Discover Any Hidden Fees Charged
Banking fees are becoming a common phenomenon. You will find that the bank has imposed some fees that you cannot understand. Common and understandable banking fees include ATM fees, account maintenance fees, and overdraft fees for those who take overdrafts. However, some banks charge balance inquiry fees, currency conversion fees, minimum balance fees, paper statement fees, over-the-limit withdrawal fees, early account closure fees, foreign transaction fees and returned check fees.
If you are finding a hard time understanding these fees, you are not alone. These are hidden in the bank’s fine print, and most customers pay without realizing it. Monitoring your checking account frequently and studying every transaction will enable you to unearth such hidden fees. If you come across such fees, contact the bank and inquire why the fee was imposed on your account.
How Often Should You Check the Account?
There is no specific time that perfectly answers, “how often should you typically monitor your checking account.” Whereas some people feel that checking their accounts once every month is enough, some feel that monthly check-ins are not enough to have a conscious memory of their spending or help identify fraud almost immediately. It is better to check your checking bank accounts at least every week.
If you revolve around paycheck-to-paycheck or trying to control your spending, you should consider checking your accounts more frequently. This also applies to individuals who receive irregular paychecks, mostly from multiple sources such as self-employed persons or freelancers. In overall. Try to make checking your bank accounts a daily routine.
Tips for Monitoring Your Checking Account
Automate the monitoring process
To ease monitoring of your checking account, ensure that you automate the process.
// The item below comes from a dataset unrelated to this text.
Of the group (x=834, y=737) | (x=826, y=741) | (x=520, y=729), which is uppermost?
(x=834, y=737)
This is mostly possible for those who want to make an online balance enquiry. To complete this, set up a specific browser window with tabs that open to the login page of the checking account. Save the login page as your browser’s homepage. Through this, every time you open the browser, you will be prompted to check the accounts.
Use bank mobile apps
With technological advancements, nearly all banks have mobile applications that make it easy for customers to enjoy various services. Depending on your bank, download its mobile application for your accounts and use it to monitor your accounts.
Leverage online banks
If you are not satisfied with your current banks’ online platform or mobile banking service, you can go for various available online banks that offer free checking accounts. Online banks have made it easy for many to complete transactions from the comfort of their homes. They also have few overhead costs, accounts have low fees, and high returns.
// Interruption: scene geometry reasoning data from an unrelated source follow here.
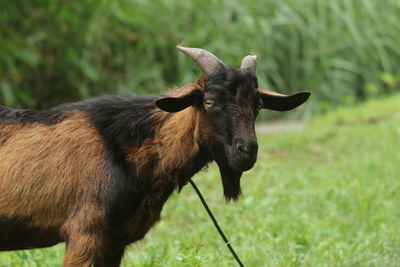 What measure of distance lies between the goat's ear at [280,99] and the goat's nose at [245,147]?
50cm

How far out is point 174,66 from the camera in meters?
12.4

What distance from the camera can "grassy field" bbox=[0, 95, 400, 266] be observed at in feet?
16.8

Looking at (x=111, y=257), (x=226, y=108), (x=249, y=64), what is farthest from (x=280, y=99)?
(x=111, y=257)

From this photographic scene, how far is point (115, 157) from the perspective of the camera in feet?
14.2

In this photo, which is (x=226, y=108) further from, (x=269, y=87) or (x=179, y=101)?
(x=269, y=87)

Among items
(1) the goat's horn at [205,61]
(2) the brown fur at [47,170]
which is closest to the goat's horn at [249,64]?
(1) the goat's horn at [205,61]

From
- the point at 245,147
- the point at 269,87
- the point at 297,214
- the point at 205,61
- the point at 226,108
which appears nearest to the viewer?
the point at 245,147

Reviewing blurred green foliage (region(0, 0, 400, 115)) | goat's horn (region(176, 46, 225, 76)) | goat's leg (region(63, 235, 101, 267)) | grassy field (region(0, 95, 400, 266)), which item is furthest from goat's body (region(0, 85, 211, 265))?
blurred green foliage (region(0, 0, 400, 115))

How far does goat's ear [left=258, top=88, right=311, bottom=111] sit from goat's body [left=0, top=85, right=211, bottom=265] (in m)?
0.47

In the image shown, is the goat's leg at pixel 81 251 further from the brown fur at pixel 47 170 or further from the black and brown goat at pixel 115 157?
the brown fur at pixel 47 170

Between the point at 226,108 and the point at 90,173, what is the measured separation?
882mm

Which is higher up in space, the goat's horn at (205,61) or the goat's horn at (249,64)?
the goat's horn at (205,61)

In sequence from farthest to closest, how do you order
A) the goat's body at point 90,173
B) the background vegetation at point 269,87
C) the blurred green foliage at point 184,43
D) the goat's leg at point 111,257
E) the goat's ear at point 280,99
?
the blurred green foliage at point 184,43 < the background vegetation at point 269,87 < the goat's ear at point 280,99 < the goat's leg at point 111,257 < the goat's body at point 90,173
Call your bank immediately you notice suspicious activity
Make a point of notifying your bank immediately if you notice an unfamiliar or excessive charge than what you agreed on your account. If the transaction is still pending, the bank will wait until the transaction is posted before initiating a dispute. Note that some businesses, such as gas stations, rental car agencies, and hotels will place holds on payments made from your account. Therefore, if you see a pending charge, this could be the reason.
The Bottom Line
Hopefully, there is some light as to the many concerns as to “how often should you typically monitor your checking account.” Simply put, you should make it a habit to monitor all your accounts, not only the checking account. This answers the common question everyone has when it comes to making a transaction, “what is my account balance?” Check on your savings and credit card accounts, as well. You should do this at least every week or twice a week. This ensures that all your account details are correct, and charges are accurate. Dispute inaccurate charges and transactions immediately they are posted.